Problem requirements: Only the number is wanted: how many lines in the material below contain "Chapter".

· · · · · · ·

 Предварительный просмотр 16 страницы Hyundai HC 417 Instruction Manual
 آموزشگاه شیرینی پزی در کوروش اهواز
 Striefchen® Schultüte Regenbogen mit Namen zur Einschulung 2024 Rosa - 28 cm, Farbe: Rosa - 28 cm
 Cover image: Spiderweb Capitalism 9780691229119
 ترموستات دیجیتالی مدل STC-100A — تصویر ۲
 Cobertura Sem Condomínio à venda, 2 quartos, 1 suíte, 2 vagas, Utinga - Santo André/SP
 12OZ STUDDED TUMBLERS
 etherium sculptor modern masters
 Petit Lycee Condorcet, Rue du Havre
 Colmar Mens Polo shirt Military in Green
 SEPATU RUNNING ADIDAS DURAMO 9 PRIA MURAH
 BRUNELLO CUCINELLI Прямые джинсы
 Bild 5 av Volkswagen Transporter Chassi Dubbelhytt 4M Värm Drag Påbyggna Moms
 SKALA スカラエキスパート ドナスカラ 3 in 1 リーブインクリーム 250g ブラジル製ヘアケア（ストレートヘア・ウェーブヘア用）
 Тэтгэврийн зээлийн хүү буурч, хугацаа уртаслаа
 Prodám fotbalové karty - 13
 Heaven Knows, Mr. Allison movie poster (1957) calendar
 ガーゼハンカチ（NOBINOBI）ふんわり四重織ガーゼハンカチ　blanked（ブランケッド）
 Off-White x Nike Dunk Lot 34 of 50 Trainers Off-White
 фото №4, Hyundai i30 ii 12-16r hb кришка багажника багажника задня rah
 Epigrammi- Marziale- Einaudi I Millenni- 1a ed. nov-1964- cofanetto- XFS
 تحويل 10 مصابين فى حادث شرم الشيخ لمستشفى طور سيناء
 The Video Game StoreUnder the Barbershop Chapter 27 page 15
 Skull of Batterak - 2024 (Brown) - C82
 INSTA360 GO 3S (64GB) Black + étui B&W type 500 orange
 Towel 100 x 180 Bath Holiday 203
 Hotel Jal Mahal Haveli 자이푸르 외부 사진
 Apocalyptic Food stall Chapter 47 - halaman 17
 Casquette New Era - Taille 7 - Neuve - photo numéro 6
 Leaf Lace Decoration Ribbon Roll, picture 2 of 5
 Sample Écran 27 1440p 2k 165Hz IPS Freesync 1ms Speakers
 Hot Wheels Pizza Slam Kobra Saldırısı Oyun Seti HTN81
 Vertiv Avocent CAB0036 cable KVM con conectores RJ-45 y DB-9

· · · · · · ·

The answer: 2